Mina Almasry <almasrymina@...gle.com> writes:

> On Tue, Dec 13, 2022 at 7:58 AM Johannes Weiner <hannes@...xchg.org> wrote:
>>
>> On Tue, Dec 13, 2022 at 09:33:24AM +0100, Michal Hocko wrote:
>> > I do recognize your need to control the demotion but I argue that it is
>> > a bad idea to rely on an implicit behavior of the memory reclaim and an
>> > interface which is _documented_ to primarily _reclaim_ memory.
>>
>> I think memory.reclaim should demote as part of page aging. What I'd
>> like to avoid is *having* to manually control the aging component in
>> the interface (e.g. making memory.reclaim *only* reclaim, and
>> *requiring* a coordinated use of memory.demote to ensure progress.)
>>
>> > Really, consider that the current demotion implementation will change
>> > in the future and based on a newly added heuristic memory reclaim or
>> > compression would be preferred over migration to a different tier.  This
>> > might completely break your current assumptions and break your usecase
>> > which relies on an implicit demotion behavior.  Do you see that as a
>> > potential problem at all? What shall we do in that case? Special case
>> > memory.reclaim behavior?
>>
>> Shouldn't that be derived from the distance propertiers in the tier
>> configuration?
>>
>> I.e. if local compression is faster than demoting to a slower node, we
>> should maybe have a separate tier for that. Ignoring proactive reclaim
>> or demotion commands for a second: on that node, global memory
>> pressure should always compress first, while the oldest pages from the
>> compression cache should demote to the other node(s) - until they
>> eventually get swapped out.
>>
>> However fine-grained we make proactive reclaim control over these
>> stages, it should at least be possible for the user to request the
>> default behavior that global pressure follows, without jumping through
>> hoops or requiring the coordinated use of multiple knobs. So IMO there
>> is an argument for having a singular knob that requests comprehensive
>> aging and reclaiming across the configured hierarchy.
>>
>> As far as explicit control over the individual stages goes - no idea
>> if you would call the compression stage demotion or reclaim. The
>> distinction still does not make much of sense to me, since reclaim is
>> just another form of demotion. Sure, page faults have a different
>> access latency than dax to slower memory. But you could also have 3
>> tiers of memory where the difference between tier 1 and 2 is much
>> smaller than the difference between 2 and 3, and you might want to
>> apply different demotion rates between them as well.
>>
>> The other argument is that demotion does not free cgroup memory,
>> whereas reclaim does.
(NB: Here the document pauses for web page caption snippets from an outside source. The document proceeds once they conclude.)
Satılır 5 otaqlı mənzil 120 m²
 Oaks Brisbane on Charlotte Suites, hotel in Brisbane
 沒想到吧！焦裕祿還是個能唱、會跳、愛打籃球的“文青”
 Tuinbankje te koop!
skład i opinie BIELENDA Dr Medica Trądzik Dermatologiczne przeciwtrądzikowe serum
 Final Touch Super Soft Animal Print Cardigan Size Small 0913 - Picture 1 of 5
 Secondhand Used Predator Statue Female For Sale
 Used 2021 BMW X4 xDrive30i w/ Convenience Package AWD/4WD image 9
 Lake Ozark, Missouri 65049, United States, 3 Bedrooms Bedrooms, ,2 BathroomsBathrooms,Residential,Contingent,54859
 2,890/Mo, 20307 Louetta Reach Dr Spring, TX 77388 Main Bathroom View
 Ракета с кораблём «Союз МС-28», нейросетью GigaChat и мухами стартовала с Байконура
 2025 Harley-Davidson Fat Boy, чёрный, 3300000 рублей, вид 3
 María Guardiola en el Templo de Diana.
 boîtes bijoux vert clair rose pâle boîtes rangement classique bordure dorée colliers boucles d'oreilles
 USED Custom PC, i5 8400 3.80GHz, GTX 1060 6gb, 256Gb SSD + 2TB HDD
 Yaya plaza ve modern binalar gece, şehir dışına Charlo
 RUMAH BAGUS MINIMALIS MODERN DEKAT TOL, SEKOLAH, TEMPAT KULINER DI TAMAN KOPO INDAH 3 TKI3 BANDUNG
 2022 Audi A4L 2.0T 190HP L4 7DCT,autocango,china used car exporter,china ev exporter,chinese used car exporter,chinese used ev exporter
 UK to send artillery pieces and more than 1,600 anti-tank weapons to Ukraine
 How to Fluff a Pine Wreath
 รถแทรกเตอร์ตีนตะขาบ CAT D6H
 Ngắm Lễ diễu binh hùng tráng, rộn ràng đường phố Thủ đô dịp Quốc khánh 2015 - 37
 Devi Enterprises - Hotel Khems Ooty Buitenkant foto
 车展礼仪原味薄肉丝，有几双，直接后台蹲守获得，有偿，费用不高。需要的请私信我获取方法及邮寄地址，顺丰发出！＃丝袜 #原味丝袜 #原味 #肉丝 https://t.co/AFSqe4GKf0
But with multiple memory tiers of vastly
>> different performance, isn't there also an argument for granting
>> cgroups different shares of each memory? So that a higher priority
>> group has access to a bigger share of the fastest memory, and lower
>> prio cgroups are relegated to lower tiers. If we split those pools,
>> then "demotion" will actually free memory in a cgroup.
>>
>
> I would also like to say I implemented something in line with that in [1].
>
> In this patch, pages demoted from inside the nodemask to outside the
> nodemask count as 'reclaimed'. This, in my mind, is a very generic
> solution to the 'should demoted pages count as reclaim?' problem, and
> will work in all scenarios as long as the nodemask passed to
> shrink_folio_list() is set correctly by the call stack.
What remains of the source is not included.